Marco Rascón, mexikanischer Nachbarschafts­aktivist, über Nachbarschaftsorganisation und Superhelden nach dem Erdbeben in Mexiko-Stadt

»Es kann helfen, die Stadt auf kollektive Weise neu zu denken«

Interview Von Nils Brock

Marco Rascón ist ein mexikanischer Nachbarschaftsaktivist, besser bekannt als Schöpfer des Superhelden »Superbarrio Gómez«. In rot-gelbem Stretchanzug, mit Maske und Wampe repräsentierte der soziale Superheld 1985 die autonome Nachbarschaftsbewegung aus den »barrios«, den Vierteln Mexiko-Stadts, in ihrem Kampf um Mitsprache und eine soziale Stadt.
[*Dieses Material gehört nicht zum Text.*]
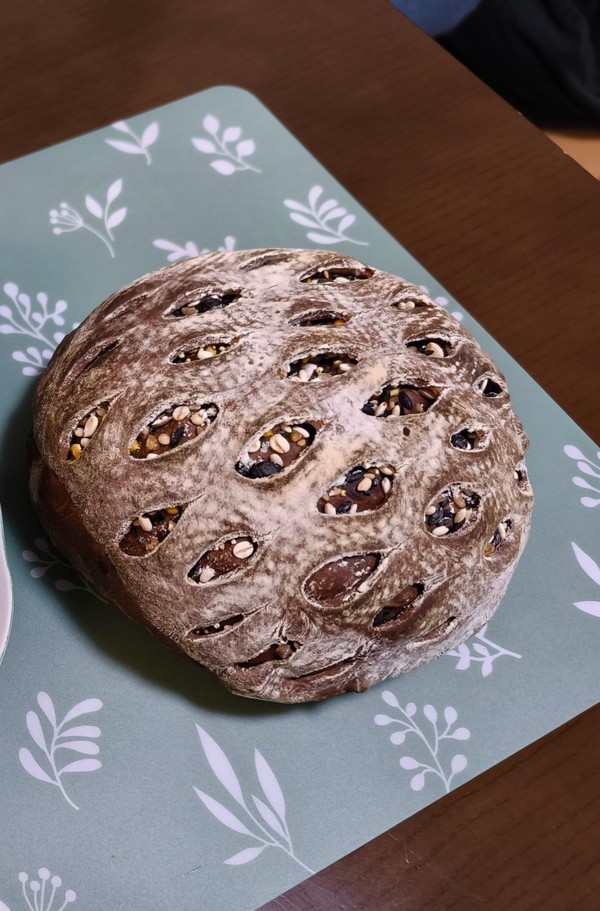 ショコラと雑穀のカンパーニュ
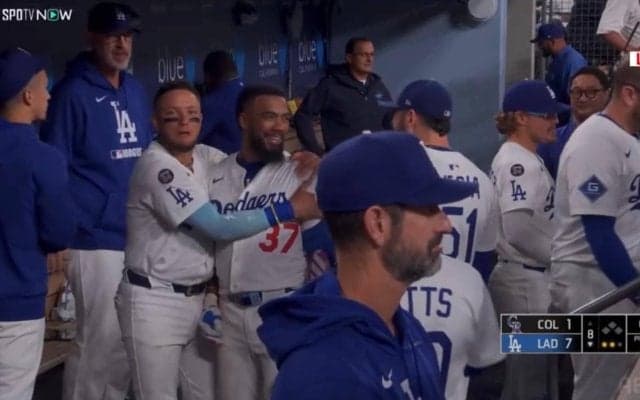 この笑顔が見たかった！ ド軍の“お調子者”が復活の連続アーチ→大谷翔平も“バンザイ”ベンチ総出で祝福の一部始終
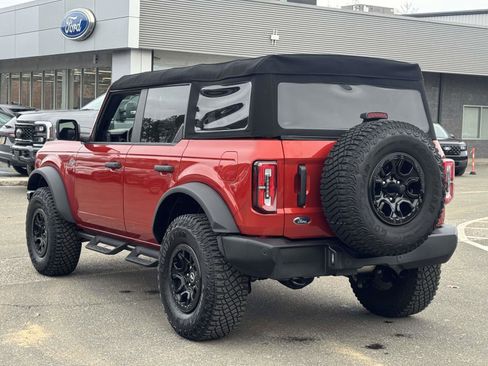 Used 2024 Ford Bronco Wildtrak image 5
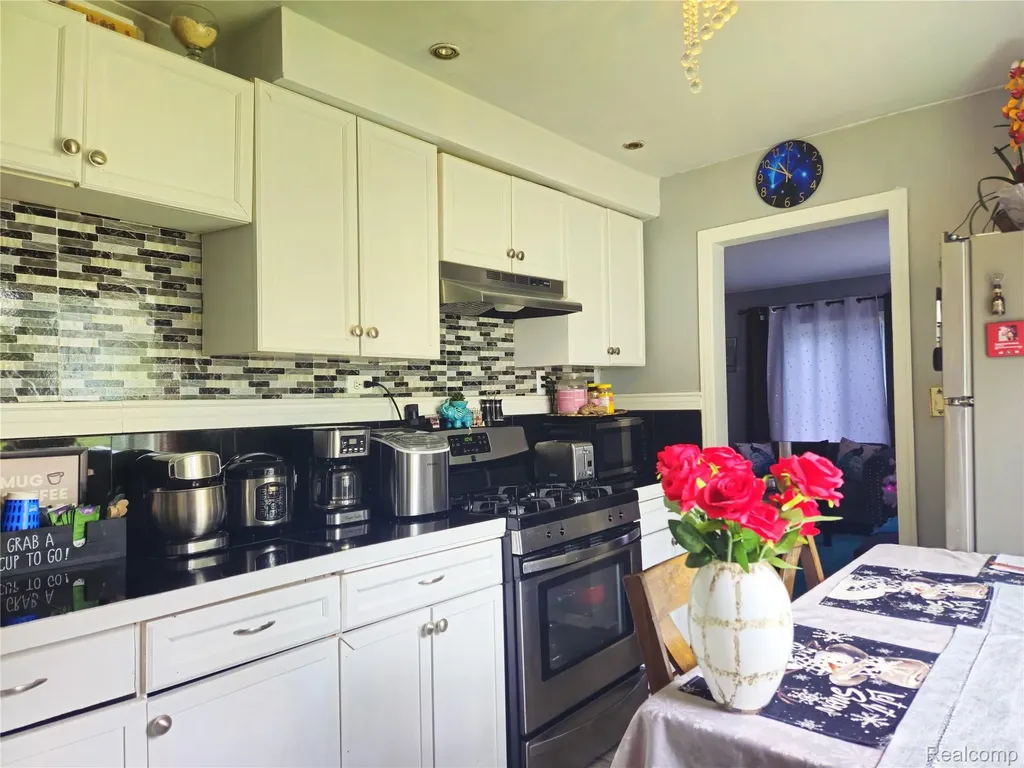 22189 Albion Avenue Farmington Hills City MI 48336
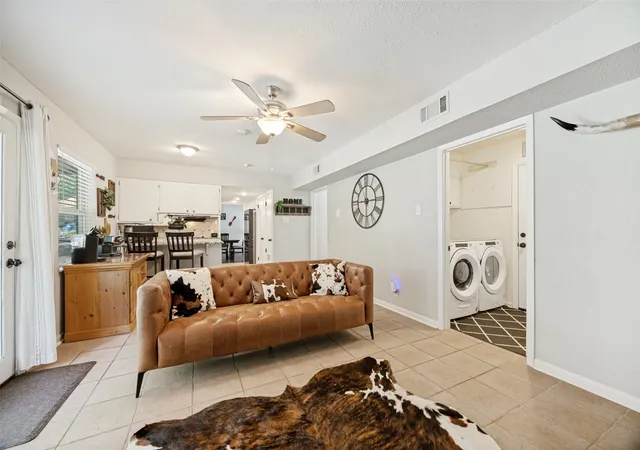 Photo 3 of Single family home for sale at 1510 W Mcgee St, Sherman, TX 75092 | MLS# 21282647 | Listing updated on 2026-09-08
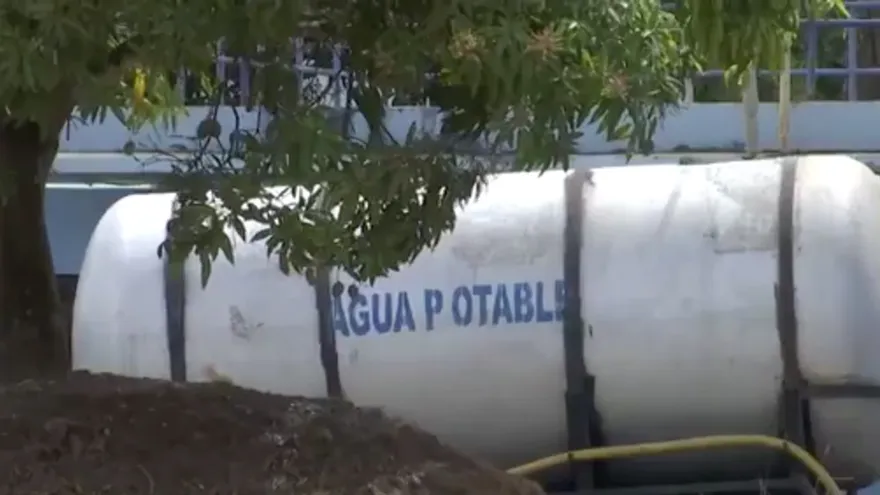 Idaan pagará 21 millones de dólares por el transporte de agua potable en camiones cisterna.
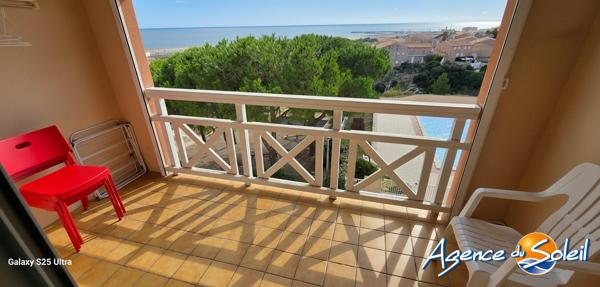 Appartement à Saint-Pierre-la-Mer SUPERBE T3 VUE MER + PARKING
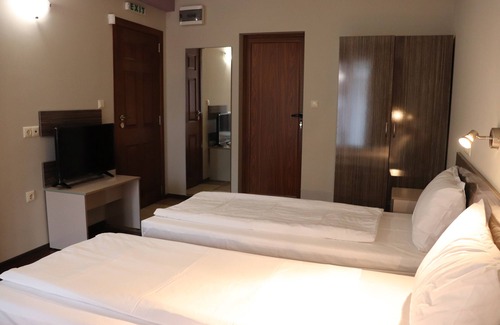 Plovdiv Old Town Hotel | Roots Hotel & Wine Bar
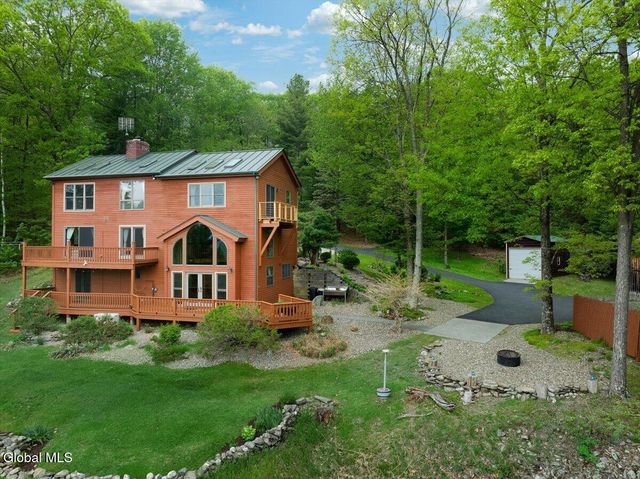 61 Fire Tower Road, Cambridge, NY 12816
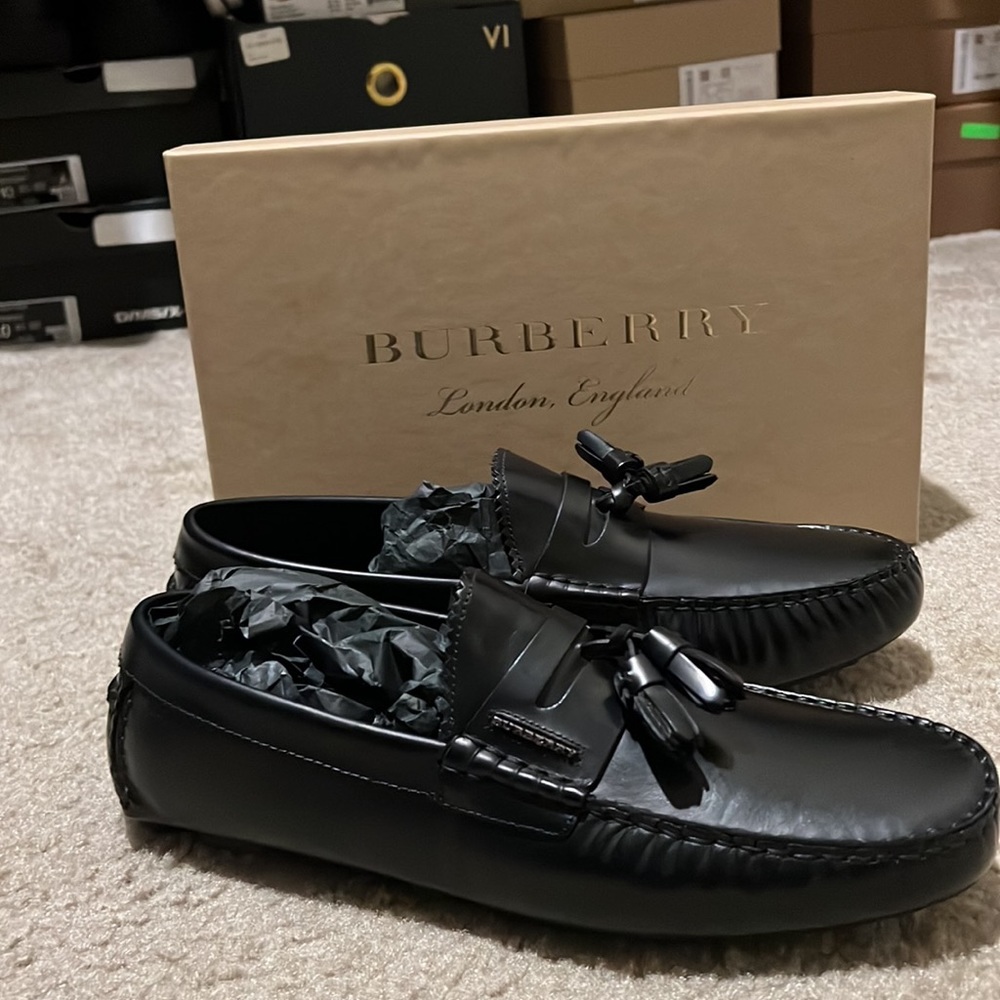 Brand new men Burberry loafers black Us size 11 (never worn in the box )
Auf den Tag genau 32 Jahre nach dem letzten großen Beben wurde Mexiko-Stadt am 19. September erneut von einem schweren Erdbeben erschüttert. Bereits kurz nach dem Beben haben Sie die Hoffnung geäußert, im Vergleich der Beben von 1985 und 2017 seien auch Lösungen für den anstehenden Wiederaufbau zu finden. Was waren die Unterschiede und Gemeinsamkeiten?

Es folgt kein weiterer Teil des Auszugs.